I love this kind of stuff.

Now, it was trippy enough for me when I was a kid watching Star Trek use their wireless communicators, only to grow up and have a smartphone that I can actually use to make a video call. But now, some deep sea researchers are suiting up in a big way, and it makes me feel like a kid again. They are approaching the exploration of the sea the same way NASA approaches the exploration of space.

Now, according to the National Oceanic and Atmospheric Administration (NOAA), the ocean covers 71 percent of the Earth’s surface, yet more than 95 percent of the underwater world remains unexplored. I love that little factoid. That’s why the SeaOrbiter was created.

The SeaOrbiter is a marine research vessel created by French architect Jacques Rougerie, and it mirrors the kind of self-contained ocean laboratory that has been depicted in science fiction for more than a century. It’s like a Starship Enterprise designed to go where no one has gone before, only underwater.

It’s a half submarine/ half sailing ship hybrid that was created to observe the underwater world without creating a man-made mess out of the habitat it was designed to study. It’s 58 meters tall, and rather than being propelled by engines, it will simply drift with the ocean’s currents, with 18 people living on board the special pressurized cabins, not unlike astronauts on the space shuttle.

I could describe more of it to you, but the Web site does a much better job that I could have:

SeaOrbiter is a new human adventure dedicated to the Planet.

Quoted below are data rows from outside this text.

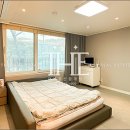 이태리하우스 이미지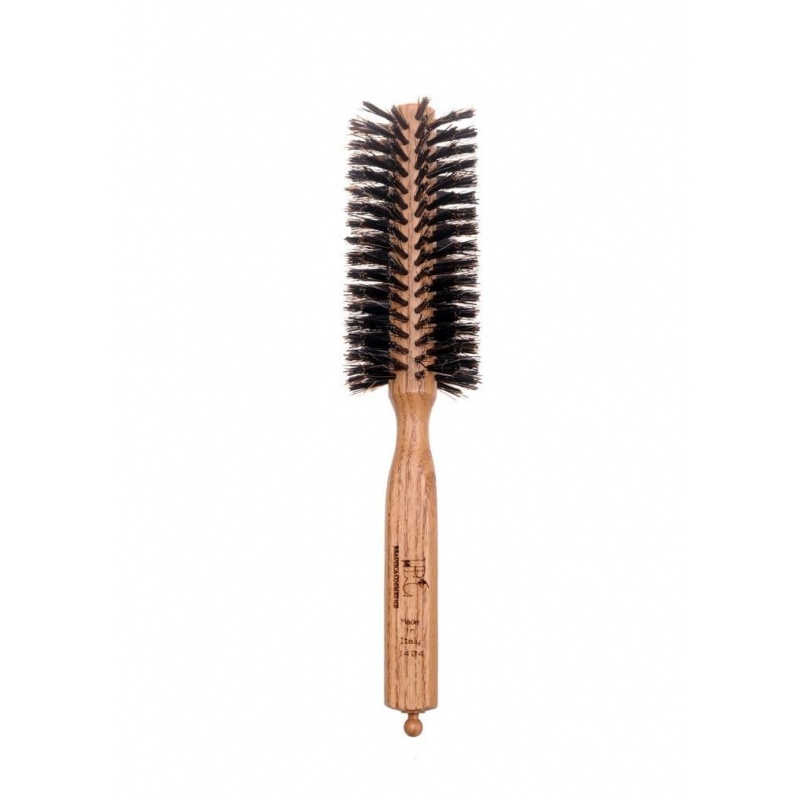 ITALY BC HAIR BRUSH - NO.1404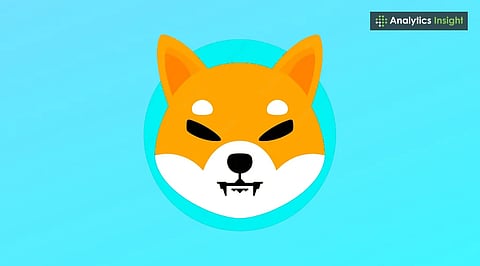 SHIB Price Consolidates at Key $0.000011 Level Amid Cautious Whale Activity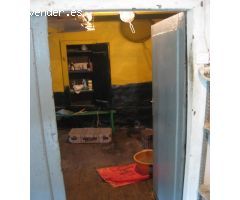 Casa de Pueblo en Venta en Grandas de Salime, Asturias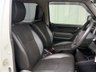 USED 2015 Y SUZUKI JIMNY SZ4 1.3 VVT 3dr Petrol Manual 4WD Euro 6 (85 ps) 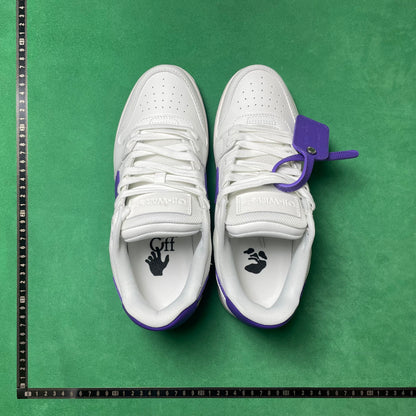 OffWhite - Out Of Office
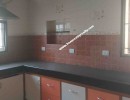 3 BHK Flat for Sale in Singanallur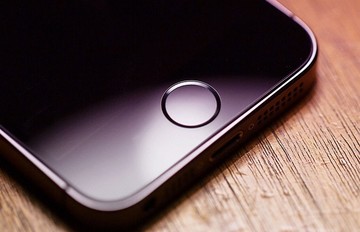 Αυτό είναι το νέο iPhone - Τα χαρακτηριστικά 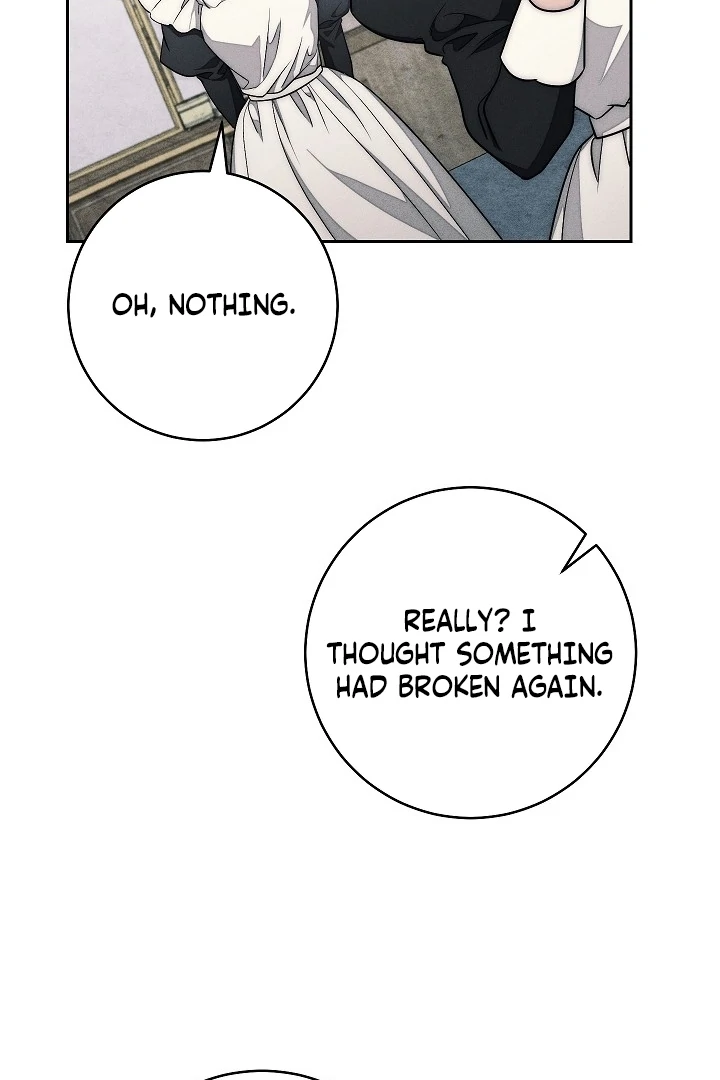 Swan S Grave Chapter 27 Page 115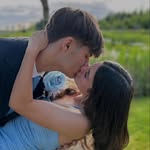 Jacob Hutton - @the.king.hutton - Instagram
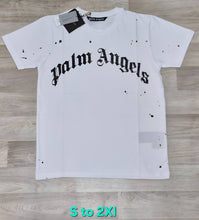 Load image into Gallery viewer, Tshirt men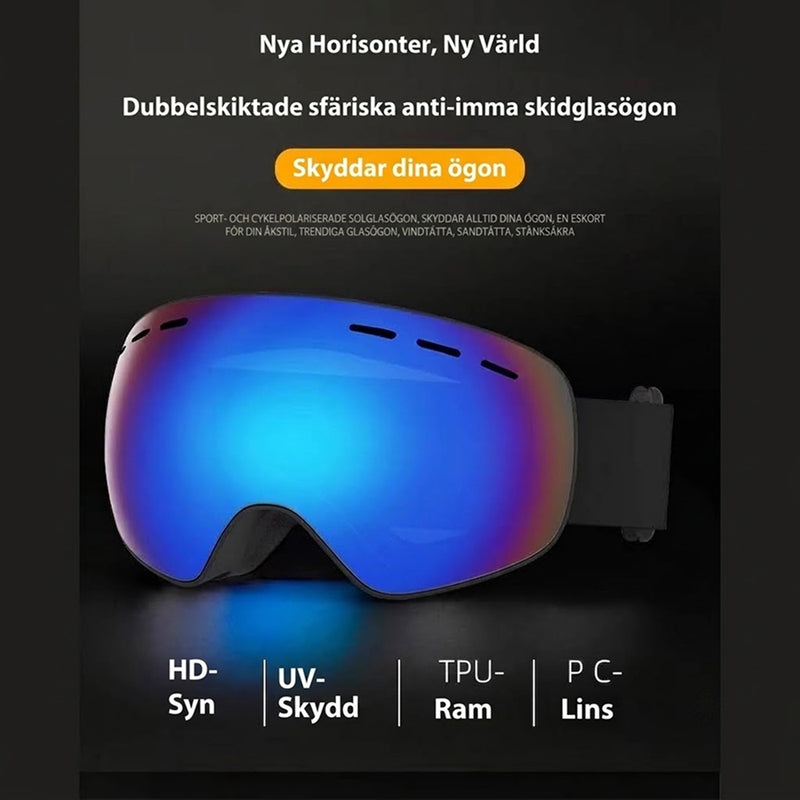 SnowVuex Skidglasögon_11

It is part of the history of the great explorations of our universe led by illustrious predecessors and great adventurers such as Jules Verne, Jacques-Yves Cousteau, Jacques Piccard …

It also constitutes a new planetary challenge.

Its purpose is to foster the emergence of a new relationship between man and the sea by the awakening, awareness and action of all to meet tomorrow’s every requirement for a future based on the precepts of sustainable development, particularly related to the sea.

Joining the SeaOrbiter in thus:

 

  • Participating in the great adventure of human exploration in the 21st century
  • Boarding to explore the last frontier on earth
  • Recognizing that human survival depends on preserving the oceans
  • Meeting the global challenge for a better understanding of this universe still widely unknown
  • Living under the sea 24 hours a day over long periods at the very heart of the oceans
  • Residing in a nomadic underwater home wandering amidst the mightiest of gardens: the ocean
  • Allowing better commitment from the younger generations with regard to the planetary challenges of tomorrow
  • Promoting awareness for sustainable integration of the ocean in our attitudes and behaviors to come


Sailing with the SeaOrbiter is moving from:

 

  • Discontinuous observation to continuous observation of the underwater world
  • Erratic intrusion to a perfect symbiosis with the marine ecosystem
  • Passive observation to proactive monitoring of the ocean
  • Complex oceanic penetration to easy and permanent access to the underwater world
  • A linear approach to the ocean to a real three-dimensional understanding of it
  • The remote maritime adventure to a network of sentinels serving the Blue Planet


SeaOrbiter hence allows:

 

  • Implementation of a change in relationship between man and the ocean
  • Development of a planetary educational plan concerning the oceans
  • Establishment of an international scientific research and technological programs
  • More sophisticated understanding of the mechanisms linking the ocean and the earth’s climate
  • Testing of human behavior and ability to live in space related underwater extreme environment
  • Emergence of new vocations and new expertise
  • Production of interactive multimedia programs accessible to all


Is this a cool time to be alive, or what?